Experiencia política no le falta. En 1983, como militante del PPC, partido al que llegó de la mano del economista Percy Tabori, ingresó al Ejecutivo como asesor del ministro de Industria de ese entonces, Iván Rivera Flores. Acción Popular, el partido de gobierno, le entregaba dos carteras al PPC, que eran en este caso las de Justicia e Industrias. Meses más tarde, cuando la alianza se quebró, ocupó el equipo que diseñó el plan de gobierno entre los años 1984 y 1987, al lado de economistas como Carlos Neuhaus Tudela, Jorge Gonzales Izquierdo y el mismo Tabory. Durante la campaña electoral de 2001, Velarde encabezó el equipo que diseñó el plan económico, estableciendo entre las propuestas de la candidata Lourdes Flores reglas estables en tributación para facilitar la inversión (como eliminar el IGV a la importación de bienes de capital, la reducción de aranceles a los insumos, reducción a 15 % del impuesto a la renta para la reinversión de utilidades y la desaparición paulatina del impuesto de solidaridad), y disciplina en el manejo del gasto. El programa de Velarde buscaba captar 4.000 millones de dólares en inversión extranjera al año, logrando un crecimiento de 6 % y 7 % del PBI e impulsando a sectores como el agro, la construcción, pequeña y micro empresa, para los que se diseñará planes quinquenales y programas de emergencia dentro de los primeros 120 días de gestión. Nada mal para un hombre que opina poco sobre tema de actualidad.
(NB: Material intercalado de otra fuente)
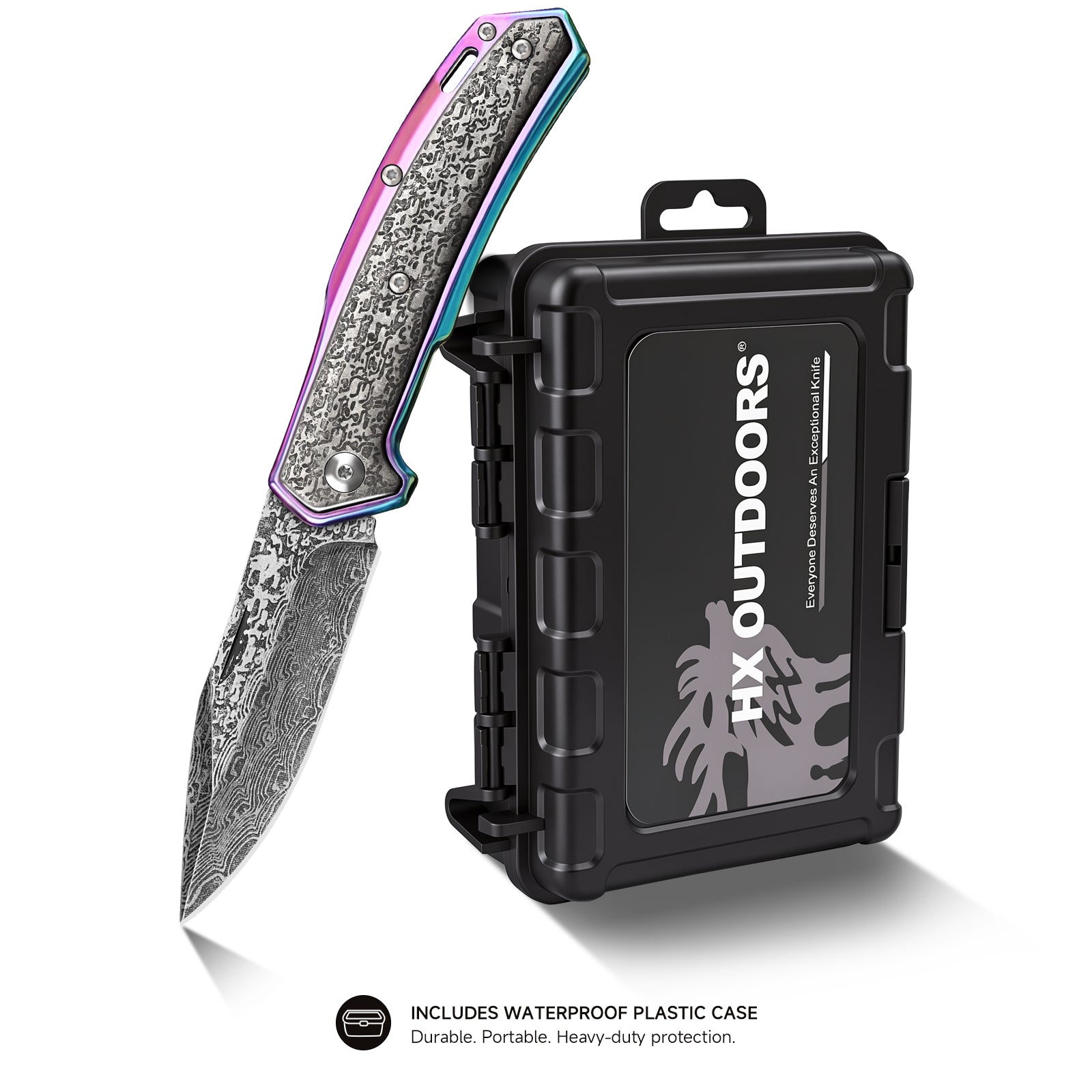 CHAMELEON Pocket Knife | Slip Joint | 3.46" 5Cr15 & Damascus Blade | Aluminum Handle | HX OUTDOORS ZD-084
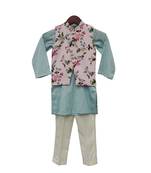 Baby Pink Printed Kurti with Ice Blue Kurta & Pant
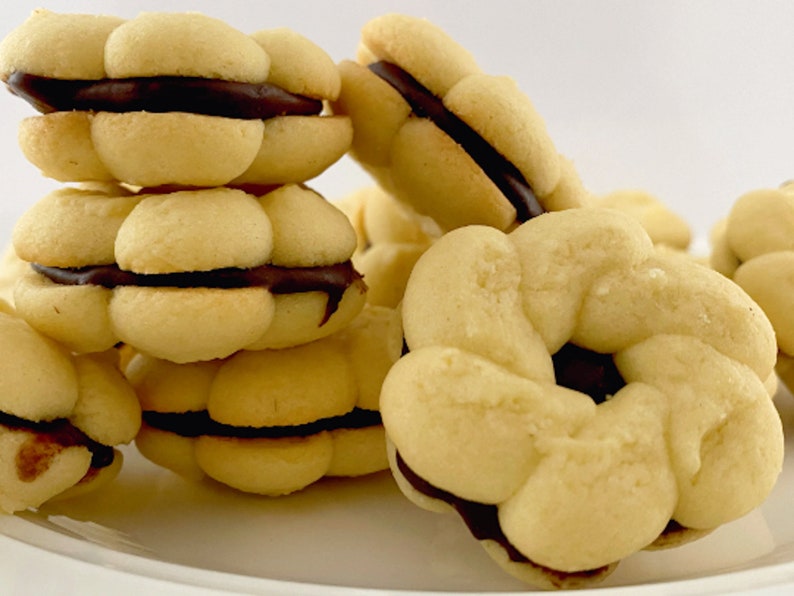 Ultimate Butter Cookie Sandwich, 2 dozen Cookies filled with delicious Belgium chocolate ganache. melt in your mouth image 5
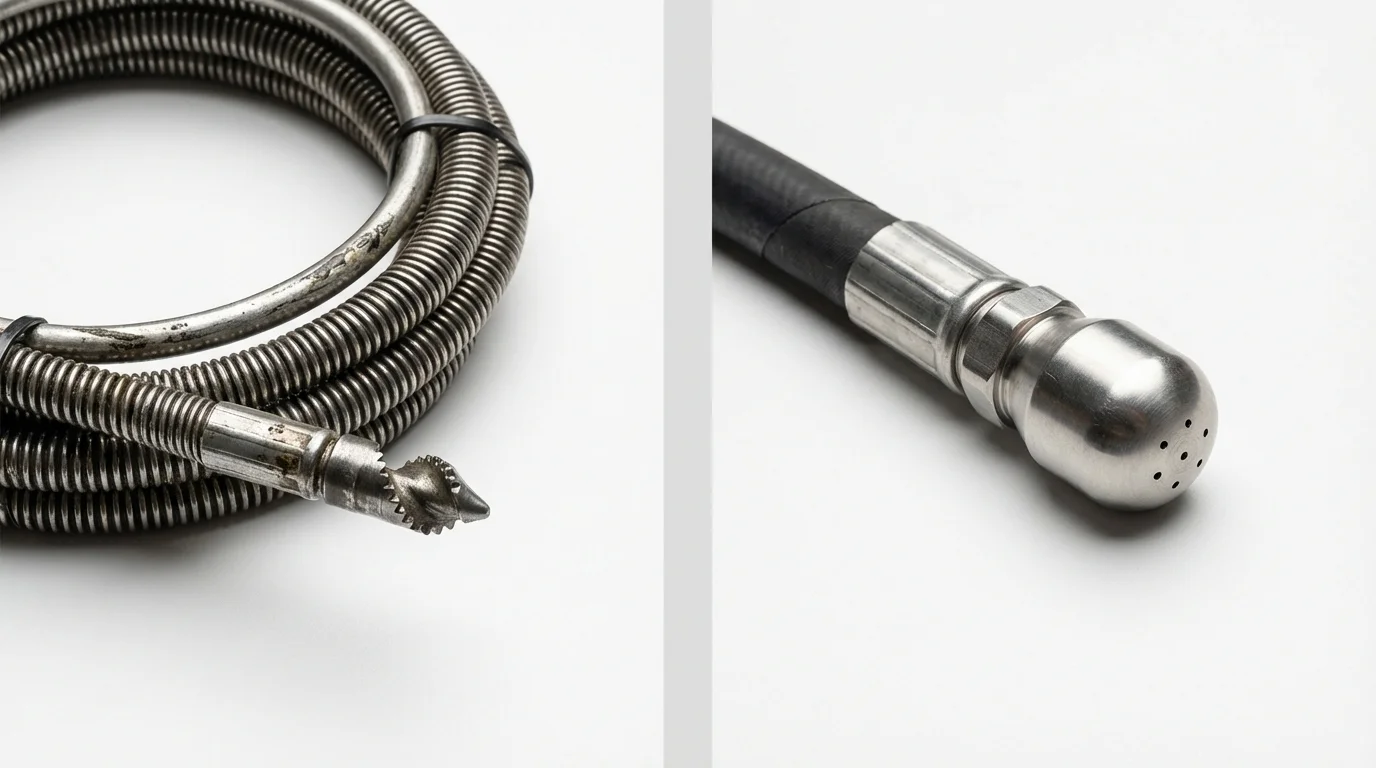 Drain snake cable and hydro jetting nozzle used for drain cleaning in Red Bay, AL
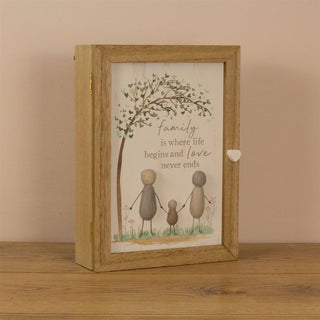 Pebble Family Key Box | Shabby Chic Wooden Key Cabinet Key Holder - 19x26cm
Sin embargo, entre colegas, Velarde es más pragmático que en sus apariciones televisivas, como comenta Christian Laub, presidente de la Bolsa de Valores de Lima, a quien le comentó que en el caso de la Ley del Empleo Juvenil faltó más audacia. “Julio Velarde cree que debemos recuperar el ritmo de crecimiento, implementando reformas estructurales como las de los años noventa. La flexibilización laboral para los jóvenes es un movimiento tímido en la dirección correcta, pero se necesita liderazgo para que salga adelante”, comenta Laub. Velarde, como académico, es probablemente uno de los pocos, sino el único, con más estudios sobre diferentes sectores de la economía, desde Política Monetaria y Finanzas hasta Defensa, Agricultura y Pesquería. “Sería un gran ministro de Economía, incluso un gran primer ministro. Habilidades no le faltan”, declara un colaborador cercano. Quién sabe, quizá, en el fondo Velarde, poco a poco, sin quererlo o no, se está acercando más a Palacio de Gobierno de lo que él cree.